More local powers to alter the jobs on the Shortage Occupation List (SOL) or to make it easier for students to stay on when they have finished their courses are not in themselves foolish (Scotland already has power over the first) but the idea seems largely designed to take power away from the Tory centre and redistribute it to the largely Labour periphery. It also ignores the fact that the relevant skill category to business is not regional but sectoral and we already have an effective national mechanism, managed by the Migration Advisory Committee, which consults with business before advising government about occupations that should be on the SOL.

The other big proposal—more state subsidy and a more coherent national strategy for teaching English to all newcomers—is sensible, well-trodden ground but tainted by its grandiose language of “a right to English lessons” and, again, its undifferentiated approach. Why should all immigrants have free (or loan-funded) English lessons supported by the tax-payer? Should that include an affluent French businessman here for five years on an intra-company transfer? What about the thriving industry of private language schools? Yes, obviously we want all people who are living here permanently to speak the language well but we should focus scarce resources on those we know are making a life here. (The more generous approach has been tried before by New Labour, until the crisis of 2008 made it unaffordable.)

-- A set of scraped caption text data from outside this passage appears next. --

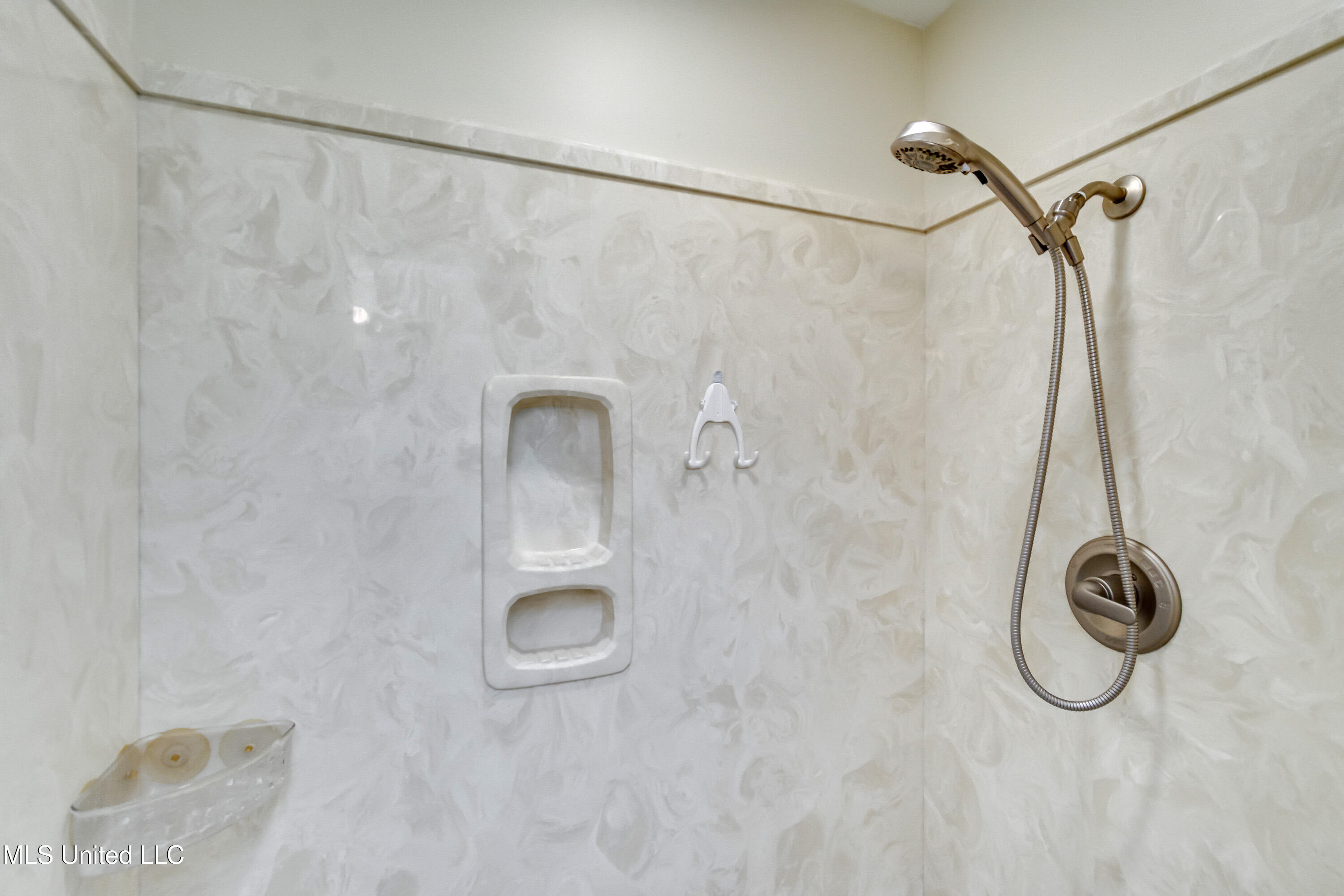 Madison, Mississippi 39110, United States, 3 Bedrooms Bedrooms, ,3 BathroomsBathrooms,Residential,Active,145664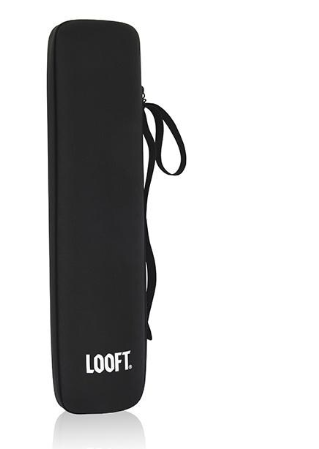 Looftlighter Case For Looft Lighter I & II - case-us
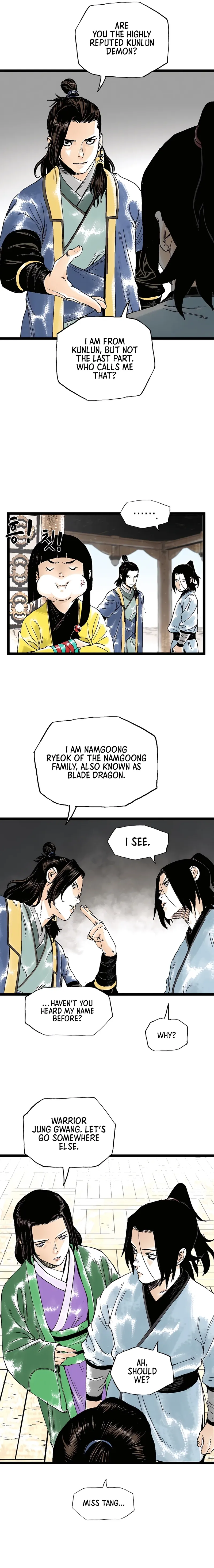 Page 12 of Chapter 35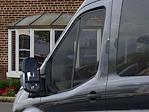 2026 Ford Transit 350 Medium Roof RWD Passenger Van for sale #T33784 - photo 14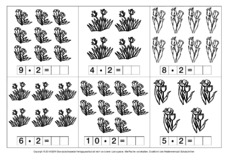 AB-Tulpen-Einmaleins 1.pdf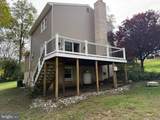 5331 Strasburg Road - Photo 2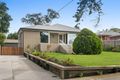 Property photo of 24 Aitken Street Sunbury VIC 3429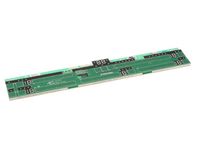 561940444 Frigidaire alternate view 1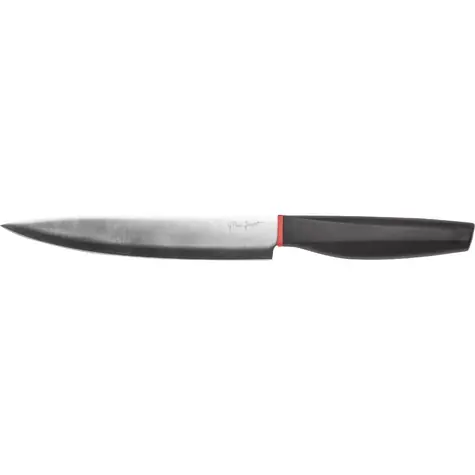 Lamart Yuyo Nôž plátkovací 20cm / nerez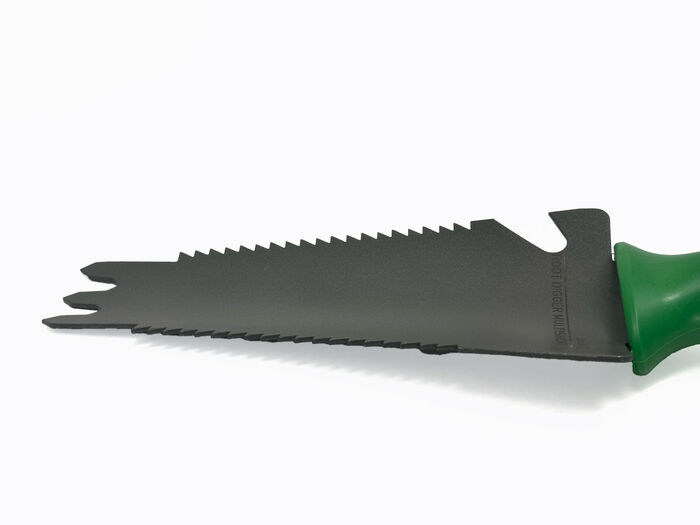 Mehrzweck-Schaufel Root Digger 
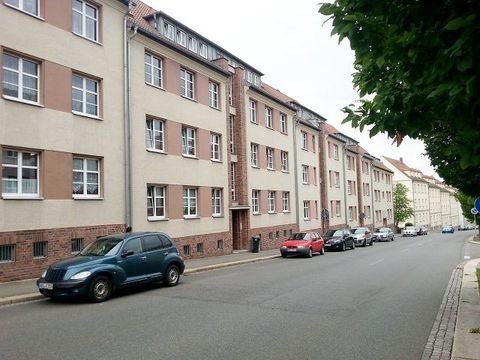 Altenburg Wohnungen, Altenburg Wohnung mieten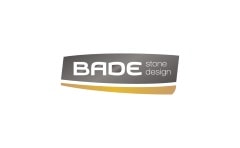 BADE STONE DESIGN | Logo Tasarım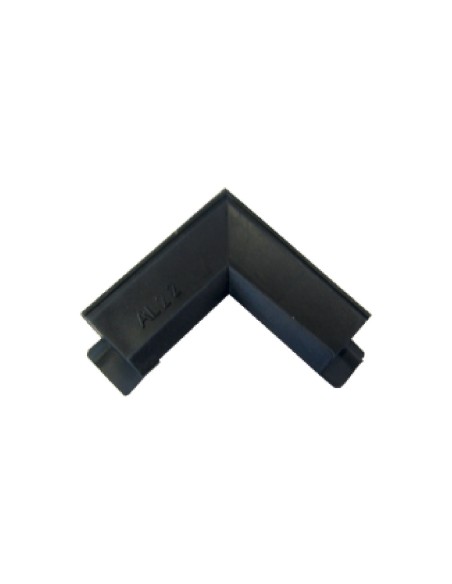 ESQUINERO JUNTA CENTRAL REF EJC-4508 (V-94 SOPENA 0940103)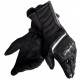 GUANTES DAINESE AIR FAST NEGRO / BLANCO / ROJO -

Indeed this point about focusing scarce resources becomes even more important when we consider just how much of contemporary immigration is temporary. (Net immigration even after recent decreases is still running at about 250,000 a year and yet fewer than 60,000 people were granted permanent residence last year excluding EU citizens with an eye on Brexit uncertainties.) Far from this being a problem, as the report implies, temporary immigration is the way to square the circle between the legitimate desire of most people for a slower pace of social and demographic change and the needs of business and higher education to attract the people they need.

It also makes the integration story easier because we can focus money and policy effort on those relatively small groups—people coming for family reunion reasons, refugees and some skilled workers, perhaps amounting to 30,000 or 40,000 a year—who we know are making a life here and in many cases are likely to be from developing countries. What about the potentially destabilising churn of the many temporary migrants? This need not be a problem because we have a lower integration expectation of them, and in any case many will be students or skilled workers who are likely to speak good English and be well educated.

One of the defining principles of integration policy should be to focus on the hard cases and those we know are investing their lives in Britain. The other big point, that this report positively contradicts, is that smaller inflows are a necessary (but not sufficient) condition of successful integration. It takes time to absorb people into our complex, liberal society and it is easier to do it if there are fewer of them. This report has much to recommend it when it sticks to the details of integration rather than attempting the impossible task of persuading people worried by the fragmentation of their society that large scale immigration has nothing to do with it.